The reasoning is impeccable if you accept the utilitarian
assumptions associated with use of the WELLBY concept to measure the value of a
human life. Within that framework, if government policies prevent potential
humans from being born, that diminishes the sum of human happiness by the amount
of happiness they would have enjoyed during their lifetimes.
I have already indicated that I don’t accept that people
value their own lives exclusively on the basis of WELLBYs. However, if I have
not yet persuaded you to reject the WELLBY approach to evaluation of lives, you
may wish to consider the following possible outcome of applying that approach.
Let us suppose that a government is considering a ban on all
forms of contraception and seeks the services of some utilitarian advocates of
maximization of human happiness to evaluate the costs and benefits of the
proposal. It seems reasonable to predict that the utilitarians would conclude
that the additional births resulting from the policy change would result in a
large net increase in WELLBYs, and therefore an increase in the sum of human
happiness. The more, the merrier they might say!
Conclusions
The WELLBY concept has a useful role to play in evaluation
of some policies that have an impact on psychological well-being.

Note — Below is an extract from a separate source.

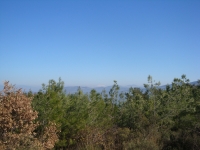 DSC08110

However, the valuation of lives according to the number of
WELLBYs individuals might enjoy seems to be at variance with the approach that individuals
take in making choices in relation to extension of their own lives. That
approach to valuing lives is widely at variance with the approach most people in
advanced countries adopt in considering the value of potential lives of the many
additional humans that they could bring into the world if they felt inclined to
do so. It counts the lives of potential people as having equal value to the
lives of the living.
The WELLBY approach to valuation of human life should be
rejected.
Postscript
A survey
conducted by UBS has provided relevant information on the proportion of
wealth that investors are willing to sacrifice for additional years of life. The
survey covered 5,000 wealthy investors in 10 countries. On average, those with financial
wealth in the $1 to $2 million range indicated that they were willing to give
up 32% of their wealth for an additional decade of healthy living. That may
seem a lot, but amounts to only $32,000 to $64,000 per annum when spread over
10 years.
Those figures are far lower than the $750,000 (discussed above) that an application of the WELLBY approach to life evaluation has suggested that “we” should be willing to pay to save a year of life.